CLOPIN CLOPANT

Tout descend. S’écroule et pend en vieillissant,
La loi de la gravité serait sans conteste impitoyable,
Irréversible gravité de la loi de futurs mourants,

Tu peux lutter mais avec le temps va, tout s’en va,
« La, ici, touche. Tu vois bien qu’ça descend »,
« La, j’aime bien, mais là, ça’va pas ».

Avec le temps, tout pendouille,
S’ramollit, se froisse, s’étend,
Les yeux. Les joues. Le bide, Les couilles.

« Mais…puisque les regards des autres se plissent simultanément »,
« Ce n’est pas grave », je rassure, je cafouille,
Nos déformations accompagnent le mouvement,

Les rides s’accordent le pardon,
L’image, alors, reste la même.
Et, de toi, il n’est pas question d’abandon.

L’ODEUR EST HUMAINE

Récemment, quelqu’un me dit  » tu sens bon »…

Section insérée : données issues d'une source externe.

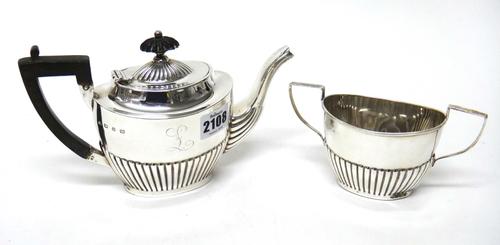 A silver teapot and a matching silver twin handled sugar bowl, each of oval form, with partly fluted decoration, the teapot with wooden fittings, Birm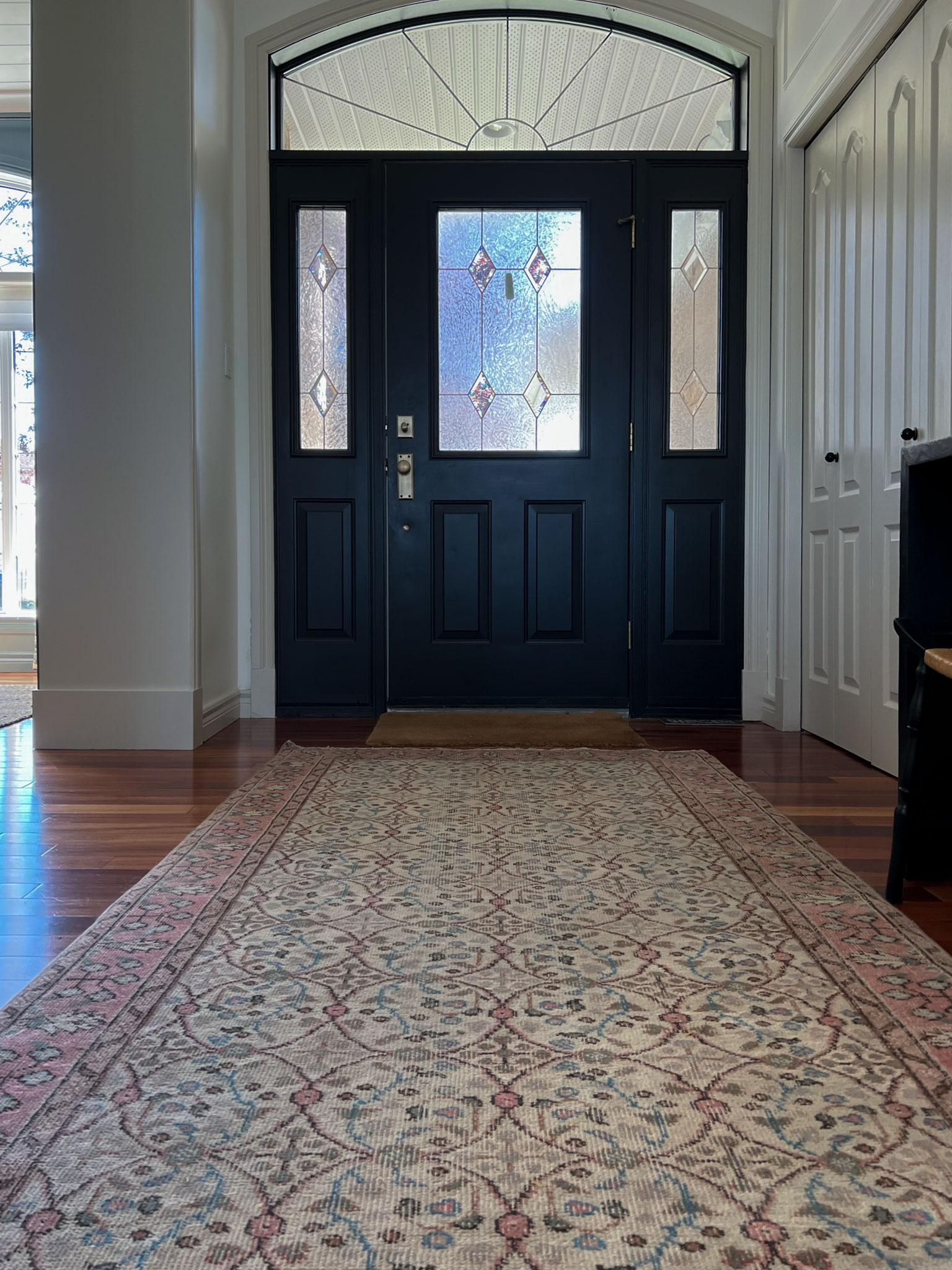 entry showing a black door with sidelights, white walls and beige contrast trim, and a red and blue large sized vintage rug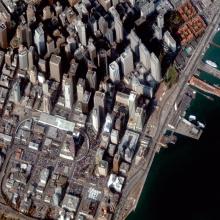 Close-up, satellite view of San Francisco, with high rise buildings to the north and smaller buildings and the San Francisco-Oakland Bay Bridge to the south.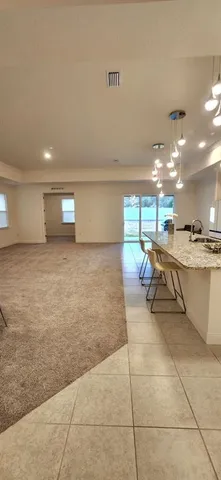 a kitchen with a sink and a stove top oven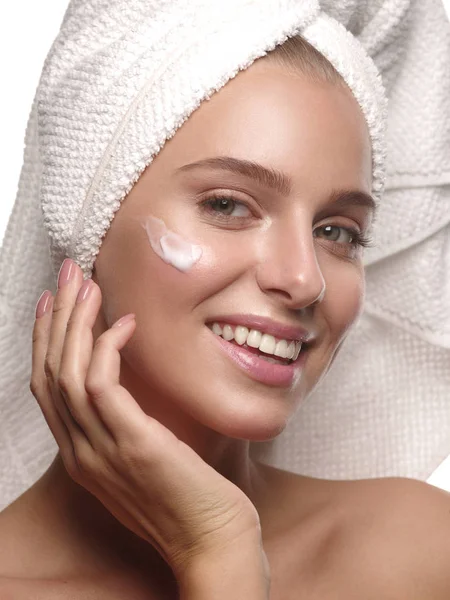 Portrait of a girl with pure and healthy glowing skin without makeup, who is doing daily skincare using moisturizing creme after shower with the towel on her head, wellness and spa, white background — Stockfoto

« C’est gentil » je répondais.
« Mais, il faut être honnête, je triche….. », j’ajoutais.
« …? »…
…. »Je mets du parfum. »

Les apparences sont appartenance de l’esprit.
Et là, pas question de faire tomber le masque, de gratter le vernis,
Impossible de séparer les fragrances, d’aimer le vrai,
De distinguer les contours du brut, le beau du laid.

Est ce que je sens vraiment bon ?
Moi, j’ai accès à l’intime, je sais.
Jamais les autres ne sauront,
Leur nez est emporté, leur imaginaire détourné et le miroir déformé.

Une fois habillé, parfumé, tu es autant de personnes que de sens troublés,
Et pourtant, le plus souvent raide, un corps d’abord nu,
Parfois tordu, qui se redresse pour observer, pour être vu,
Puis, pour paraître beau ou plus haut, va se courber,

Et, pour exister, va s’incliner, se cambrer, aveuglé par ses sens,
Face aux apparences.

SECOUEZ MOI, SECOUEZ MOI….

La force d’une amitié se mesure à la simple question de savoir si nous pouvons nous en séparer. Si elle est durable et partagée, vous serez rapidement éclairé par une réponse silencieuse.

Pour connaître la force de belles amitiés, il faut être capable d’accepter et de s’imaginer vivre seul.

C’est ce que j’appellerai le principe du tamis de l’amitié.

Ce qui reste en haut vaut de l’or.

LES DALTONNES DE SAVOIE

Coup d’œil en arrière, clin d’œil au présent,
Au plaisir inconscient,
Éphémère pour longtemps,
Coups de vents et coups de sang,

Etre ensembles un instant, soudés souvent,
Et derrière nous maintenant,
Éphémère pour longtemps,
Le rythme des bottes frappent le souvenir marquant,

De rencontres au grès du temps,
Les rires font vivre les ombres,
Éphémères pour longtemps,
Ancrés à nos histoires cachées dans la pénombre,

Qui nous construisent de l’intérieur,
Offrent un peu plus de douceur,
Au cœur du cyclone de nos vies d’ouragans,
Éphémères pour longtemps.

LA LOI DU PLUS FAIBLE

Éphémère et contre tous, l’être humain a la faiblesse de ne pas penser au delà de lui.
Notre sphère, éternelle, le paiera de sa vie,
Quiconque se lève chaque matin en pensant à l’au-delà lève la main,
La planète est un objet fini, comme l’être humain,
Et lorsque l’être humain en aura fini avec la planète,
Alors, elle s’inclinera, ne vous faites aucun doute à ce sujet,
Et emportera avec elle le reste de l’humanité,
Le plus faible aura gagné,
Faute de n’avoir pas pensé au delà de son nez.